With all that being said, I think it’s important to realize that delivering to the new system is not the same as delivering to the old system. This is a major overhaul of their email handling code, representing multiple years worth of planning and development inside Microsoft. It’s very likely that not all of the current delivery problems are the result of deployment. Some of the problems are likely a result of new standards and thresholds for reaching the inbox. What worked a year ago to get into the inbox just doesn’t any more.

What can we do?

The first step is always acceptance.
Accept that …
… the delivery problems aren’t a mistake on Microsoft’s part.
… more difficulty reaching the inbox is not an accident.
… Microsoft may not ever tell us exactly what to do.
In fact, this new round of problems at Microsoft feels a lot like deliverability in the mid-2000s. All we can see is delivery is bad.
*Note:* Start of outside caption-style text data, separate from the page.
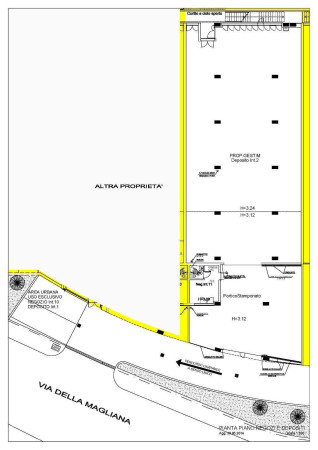 Negozio - Loc.Com. ROMA affitto  MAGLIANA VECCHIA (ZONA DELLA XV MUN.) della Magliana Monterosso S.r.l.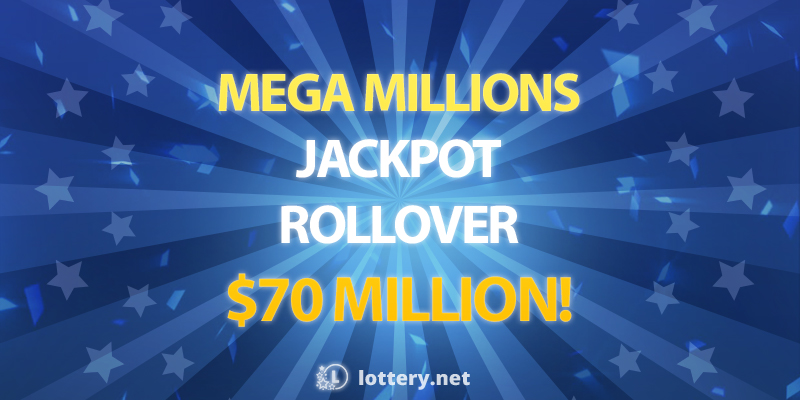 The #MegaMillions jackpot has rolled over &amp; is now an awesome $70 MILLION! 👀 Next draw Friday! 💵

#WednesdayWisdom #WinItWednesday #WednesdayMotivation #WednesdayThoughts #WednesdayVibes #Humpday #lottery #lotterywinner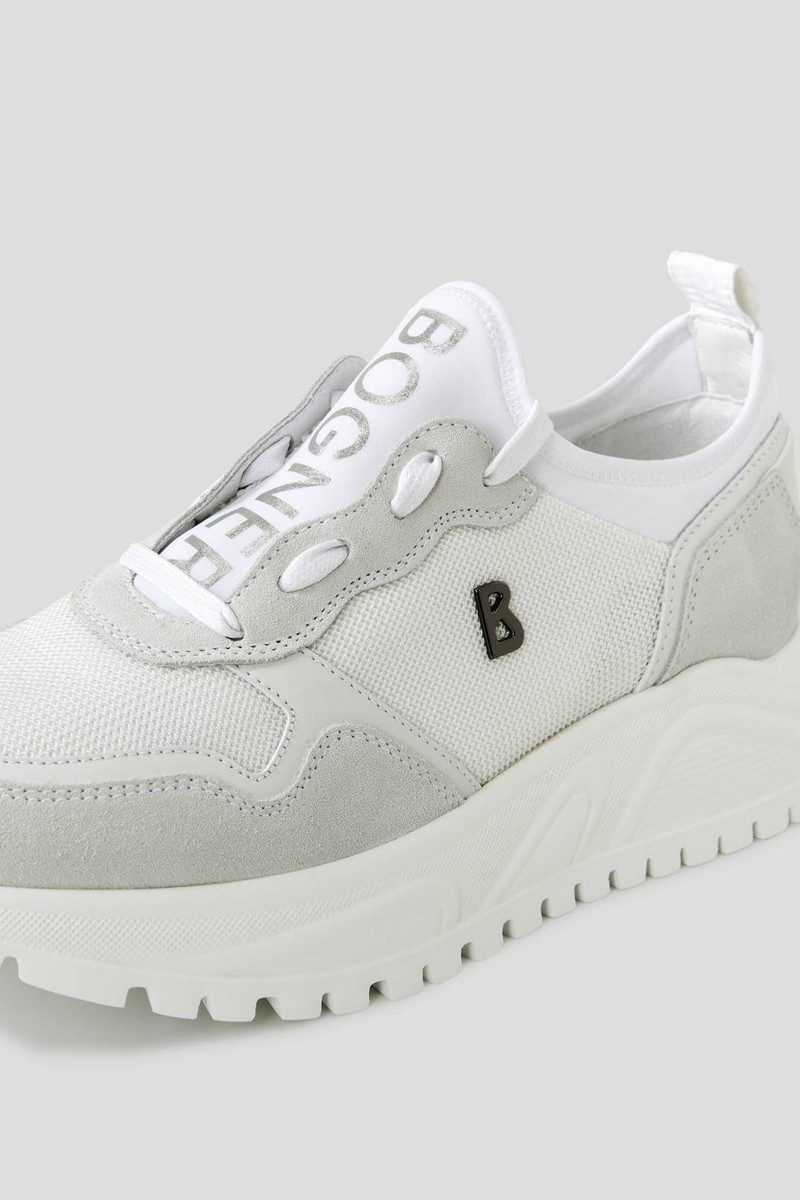 NEW MALAGA SNEAKERS IN WHITE 4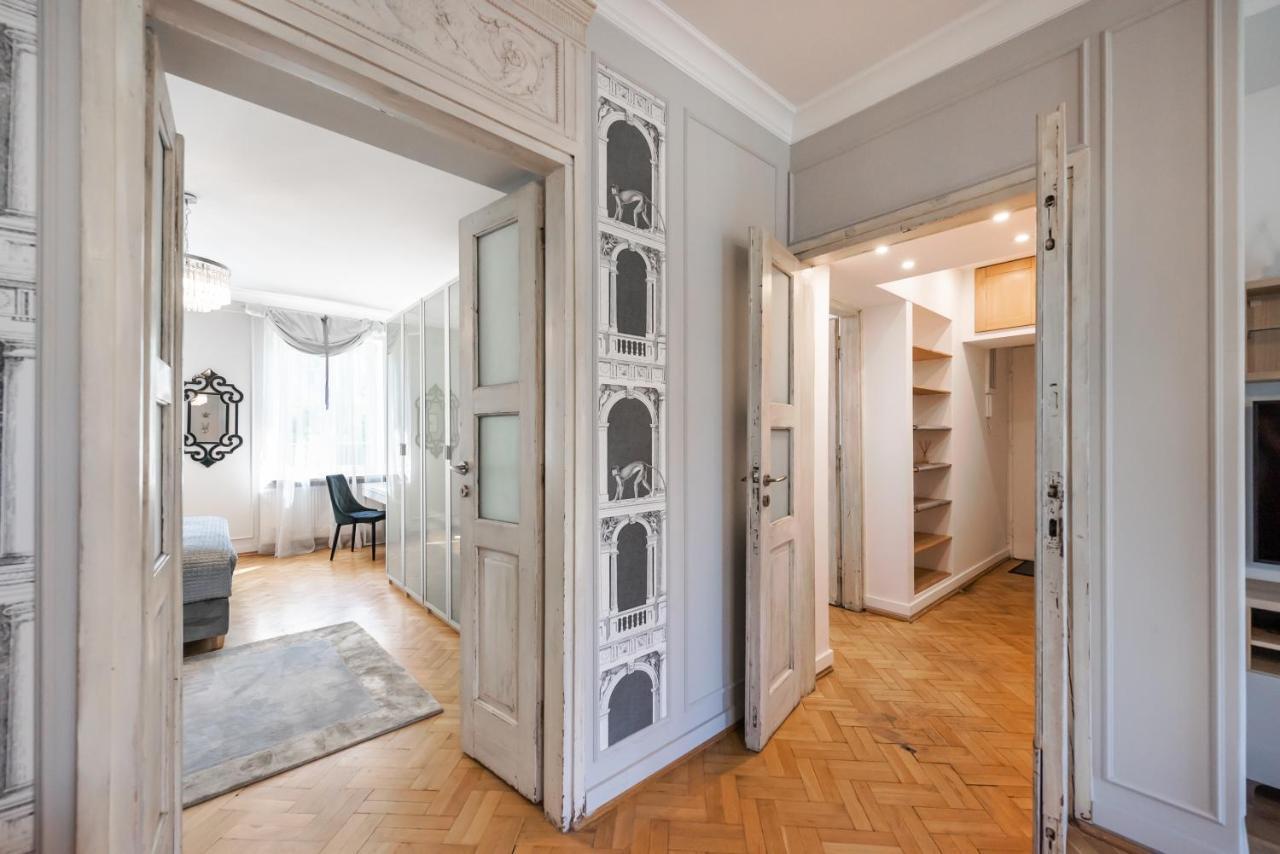 Apartamento Premium Artdeco Boutique Varsovia Exterior foto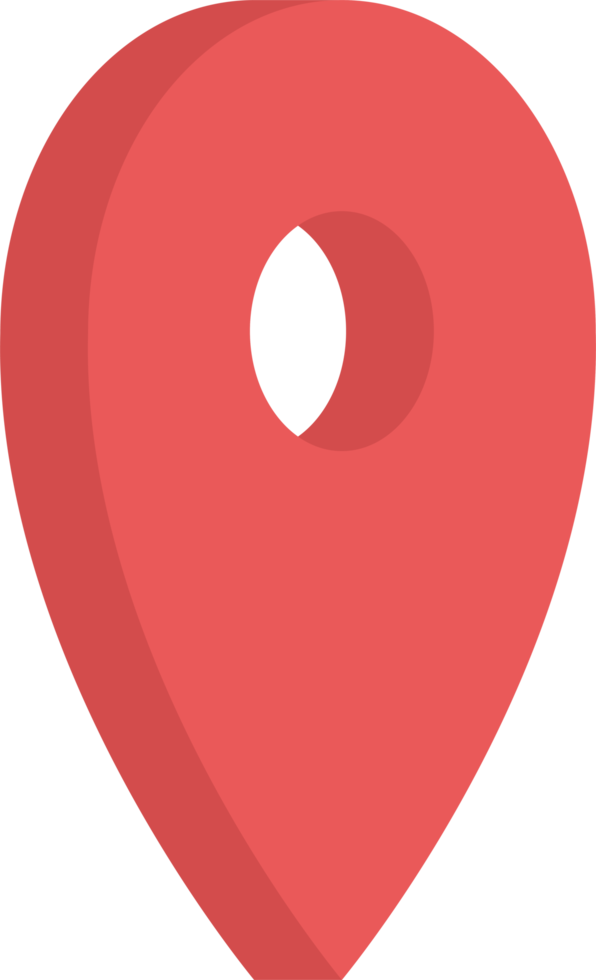 Location pointer pin icon png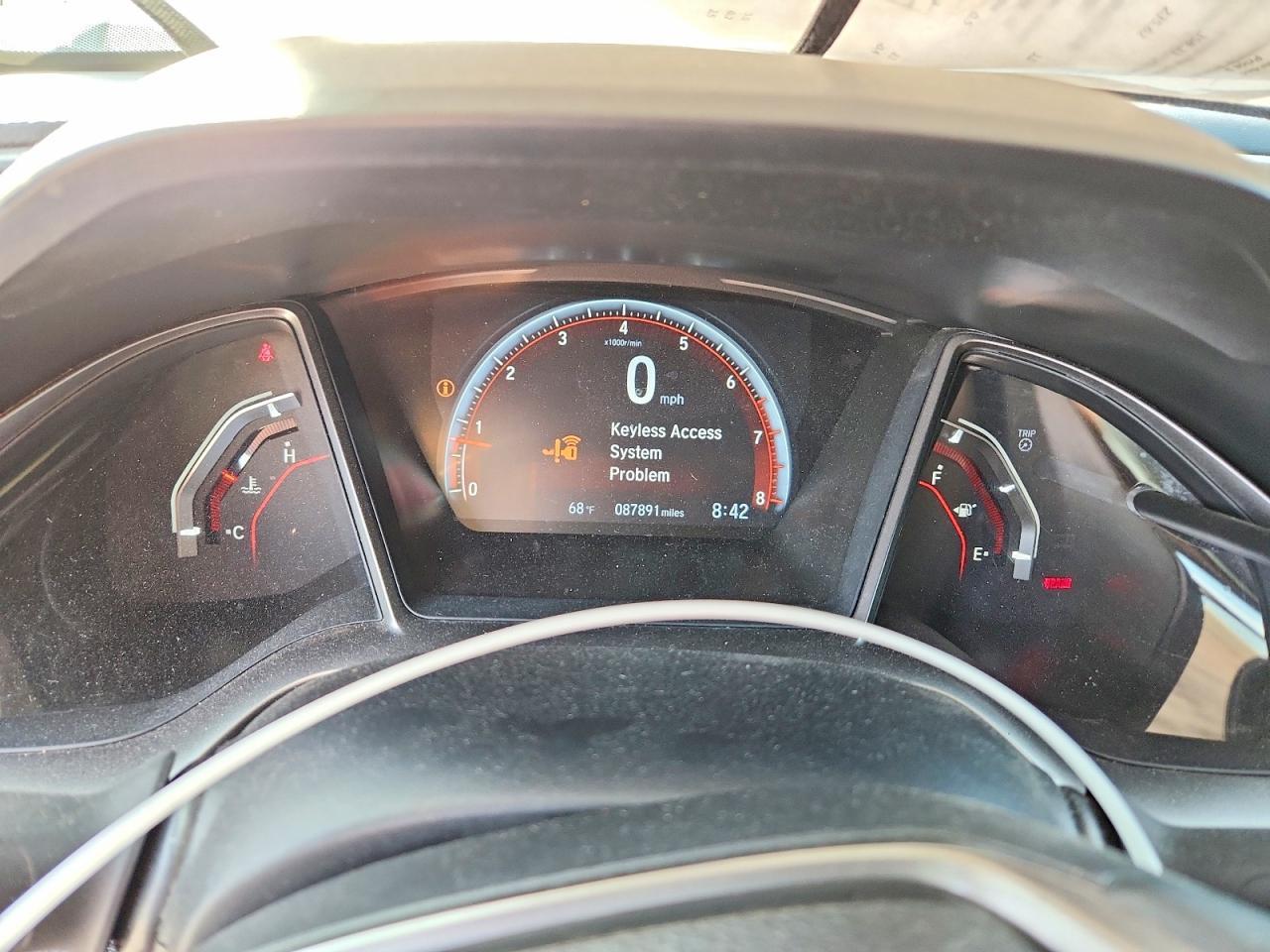 2020 Honda Civic Si - zdjęcie 9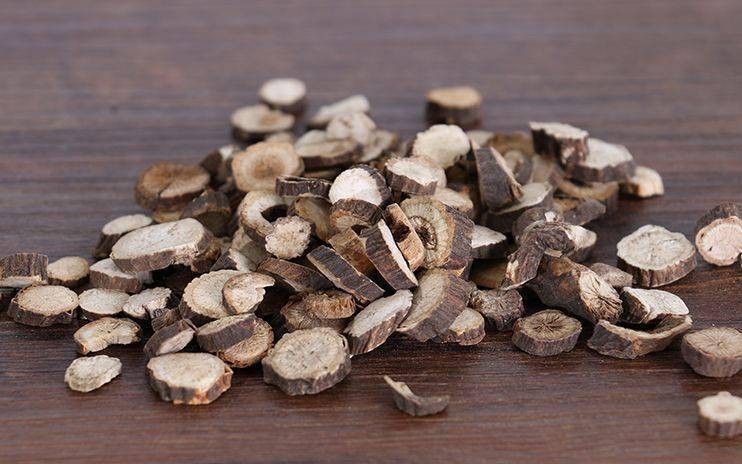 中医治疗血小板减少性紫癜热盛迫血证验方1首，凉血止血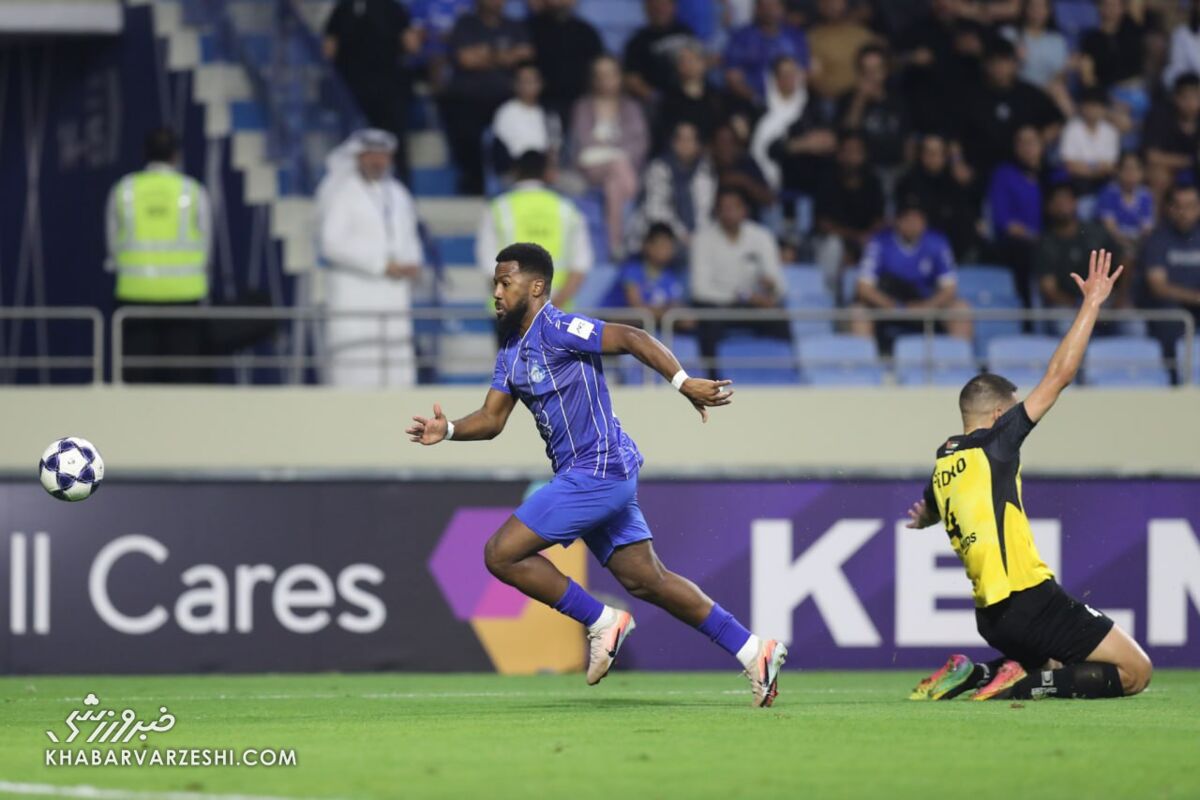 ویدیو| کری سنگین باشگاه الحسین برای استقلال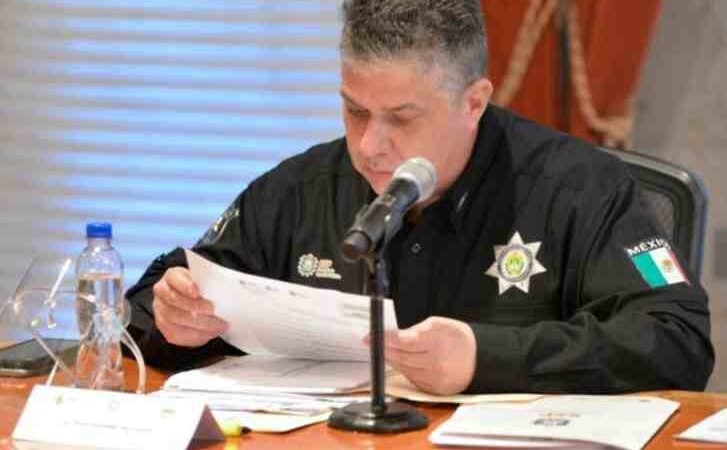 TITULAR DE SEGURIDAD PÚBLICA PIDE A CIUDADANÍA QUE DENUNCIEN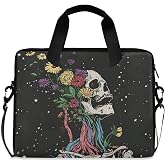 Mnsruu Laptop Bag for 15.6 inch Bicycle Balloon Eiffel Tower Laptop Briefcase Bag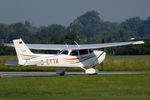 D-ETTK @ EDKB - Cessna 172R at Bonn-Hangelar airfield during the Grumman Fly-in 2021 - by Ingo Warnecke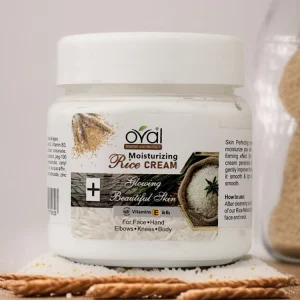 Oval Moisturizing Rice Cream 500ML: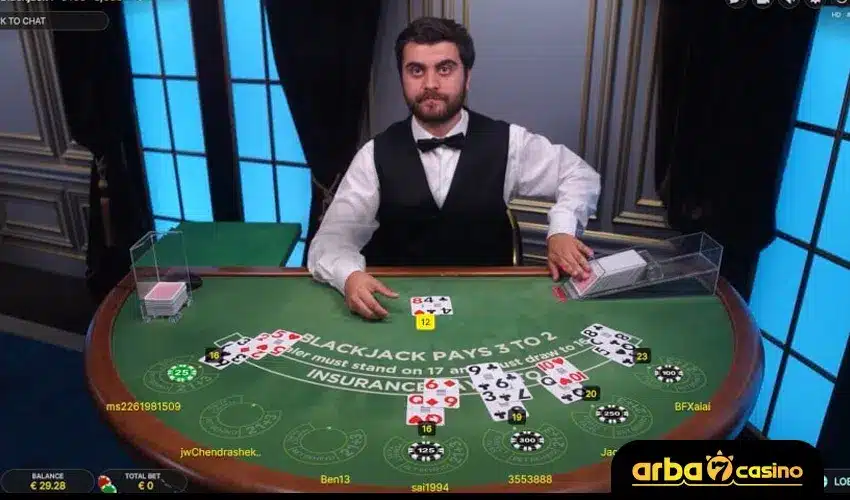 بلاك جاك مجانية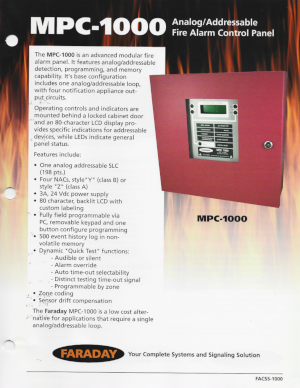Faraday MPC-1000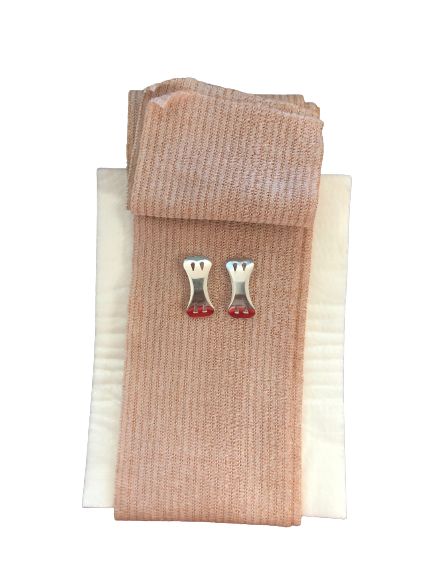Pressure Bandage - 4.5 x 6in w/ Elastic Ties - Velora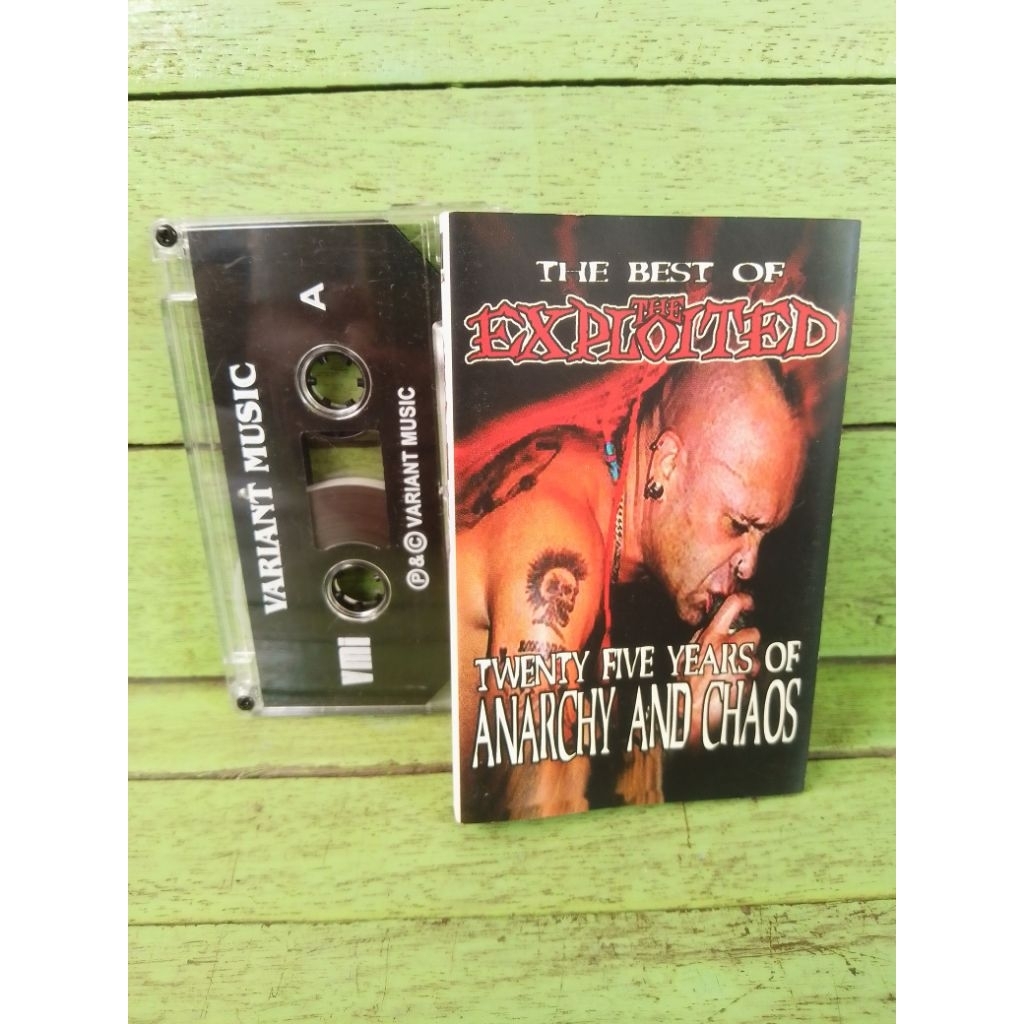kaset The Exploited - The Best Of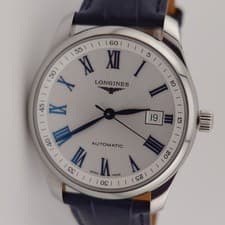 Image of Longines Master Collection Silver Men's Watch L2.793.4.79.2 30% OFF RRP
There is no guidance from postmaster pages or public statements. We’re getting little to no feedback from the ISPs. The support channels seem to be returning messages unrelated to the questions we’ve asked. It’s 2005 delivery all over again!
In many ways we’re luckier now, as we have history and experience to draw on, as well as working relationships with folks inside the ISPs. I have every confidence that the live.com postmaster pages will be updated at some point. Senders will continue testing and figure out how to send mail that makes it to the inbox and that information will get shared through the industry. Microsoft will get to a point where their end is stable and tests give us consistent responses and we can develop meaningful models.
We’re going to have to listen to the ISPs, and not just to what they say on the surface. ISP employees are typically limited to what they can say publicly, but many of them indicate investigative pathways in their responses to questions. As well, there are now trusted intermediaries to disseminate information that will help improve the overall email ecosystem.

It’s not just Microsoft

As I’ve said before, I think we’re going to see changes to more places than Microsoft. AOL addresses are moving to the Yahoo MXs as of February 1, and that opens up a huge number of questions about delivery to AOL. Some of these changes are the result of GDPR, others just a normal service cycle. Whatever the reason, we’re back to having to work out what the black box is hiding. That means we’re going to have to pay attention to what our stats are telling us. More than that, though, we’re going to have to think about what new information we can collect and how to use it to improve delivery.
All in all, deliverability is changing and we’re all going to need to adapt.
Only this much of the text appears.